Setting Up Your Project and Requesting Permissions
Before you can use speech recognition, your application must request permission from the user to access the microphone and speech recognition services. This involves adding specific keys to your Info.plist
file and handling the permission request programmatically. Failure to do so will result in your app crashing when attempting to use speech recognition.
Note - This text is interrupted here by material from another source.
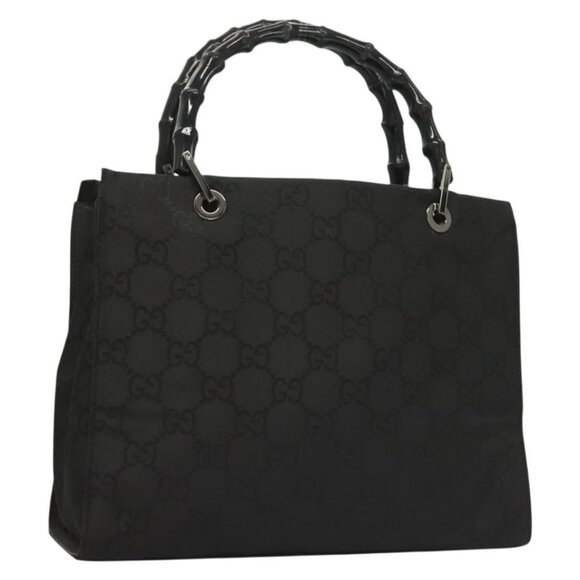 GUCCI GG Canvas Bamboo Hand Bag Nylon Black Silver Auth - Picture 1 of 16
<key>NSSpeechRecognitionUsageDescription</key>
<string>Your app needs speech recognition to convert your voice to text.</string>
<key>NSMicrophoneUsageDescription</key>
<string>Your app needs microphone access to record your speech.</string>
import Speech
func requestSpeechAuthorization() {
SFSpeechRecognizer.requestAuthorization { authStatus in
OperationQueue.main.addOperation {
switch authStatus {
case .authorized:
print("Speech recognition authorized")
case .denied:
print("Speech recognition denied")
case .restricted:
print("Speech recognition restricted on this device")
case .notDetermined:
print("Speech recognition not yet determined")
@unknown default:
fatalError("Unknown authorization status")
}
}
}
}
Implementing Live Speech Recognition
To perform live speech recognition, you'll typically use an AVAudioEngine
to capture audio from the microphone and feed it into an SFSpeechAudioBufferRecognitionRequest
. The SFSpeechRecognizer
then processes this audio and provides results through a delegate or a completion handler. Remember to stop the audio engine and cancel the recognition task when you're done or when the user stops speaking.
import Speech
import AVFoundation
class SpeechRecognizerManager: NSObject, SFSpeechRecognizerDelegate {
private let speechRecognizer = SFSpeechRecognizer(locale: Locale(identifier: "en-US"))
private var recognitionRequest: SFSpeechAudioBufferRecognitionRequest?
private var recognitionTask: SFSpeechRecognitionTask?
private let audioEngine = AVAudioEngine()
var recognizedTextHandler: ((String) -> Void)?
var isRecording = false
override init() {
super.init()
speechRecognizer?.delegate = self
}
func startRecording() throws {
guard let speechRecognizer = speechRecognizer, speechRecognizer.isAvailable else {
throw SpeechRecognitionError.recognizerUnavailable
}
recognitionRequest = SFSpeechAudioBufferRecognitionRequest()
guard let recognitionRequest = recognitionRequest else { throw SpeechRecognitionError.requestFailed }
recognitionRequest.shouldReportPartialResults = true
let inputNode = audioEngine.inputNode
let recordingFormat = inputNode.outputFormat(forBus: 0)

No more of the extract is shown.